_Work item_
Treat the line containing "(Provence-Alpes-Côte d’Azur, Alpes-de-Haute-Provence)" as the last one, and return every line exactly from the first line of the material below up to it.

_Data records_
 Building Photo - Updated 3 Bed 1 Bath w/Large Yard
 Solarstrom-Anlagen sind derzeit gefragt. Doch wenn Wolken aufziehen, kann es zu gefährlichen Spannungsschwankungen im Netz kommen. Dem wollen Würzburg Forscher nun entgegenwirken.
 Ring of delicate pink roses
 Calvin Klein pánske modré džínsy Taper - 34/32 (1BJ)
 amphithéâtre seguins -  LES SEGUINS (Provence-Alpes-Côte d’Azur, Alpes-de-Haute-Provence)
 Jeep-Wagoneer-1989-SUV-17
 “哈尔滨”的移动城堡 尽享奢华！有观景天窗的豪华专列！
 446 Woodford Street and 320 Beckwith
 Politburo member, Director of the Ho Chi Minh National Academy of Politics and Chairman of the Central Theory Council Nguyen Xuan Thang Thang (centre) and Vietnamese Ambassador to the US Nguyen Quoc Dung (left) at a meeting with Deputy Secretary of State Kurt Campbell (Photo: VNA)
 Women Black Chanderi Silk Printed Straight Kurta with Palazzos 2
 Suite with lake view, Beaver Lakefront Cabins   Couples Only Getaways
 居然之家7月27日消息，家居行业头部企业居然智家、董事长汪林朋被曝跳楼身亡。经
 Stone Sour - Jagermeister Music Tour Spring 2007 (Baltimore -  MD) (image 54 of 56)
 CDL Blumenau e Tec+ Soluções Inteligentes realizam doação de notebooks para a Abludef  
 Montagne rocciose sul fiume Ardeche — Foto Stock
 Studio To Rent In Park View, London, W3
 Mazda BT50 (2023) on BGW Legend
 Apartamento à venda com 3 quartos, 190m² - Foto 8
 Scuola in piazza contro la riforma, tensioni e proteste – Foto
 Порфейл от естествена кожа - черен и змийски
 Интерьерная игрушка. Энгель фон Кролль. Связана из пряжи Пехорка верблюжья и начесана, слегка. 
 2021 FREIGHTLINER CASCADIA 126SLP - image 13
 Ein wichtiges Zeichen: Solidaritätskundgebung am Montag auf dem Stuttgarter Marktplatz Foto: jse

_Reply_
 Building Photo - Updated 3 Bed 1 Bath w/Large Yard
 Solarstrom-Anlagen sind derzeit gefragt. Doch wenn Wolken aufziehen, kann es zu gefährlichen Spannungsschwankungen im Netz kommen. Dem wollen Würzburg Forscher nun entgegenwirken.
 Ring of delicate pink roses
 Calvin Klein pánske modré džínsy Taper - 34/32 (1BJ)
 amphithéâtre seguins -  LES SEGUINS (Provence-Alpes-Côte d’Azur, Alpes-de-Haute-Provence)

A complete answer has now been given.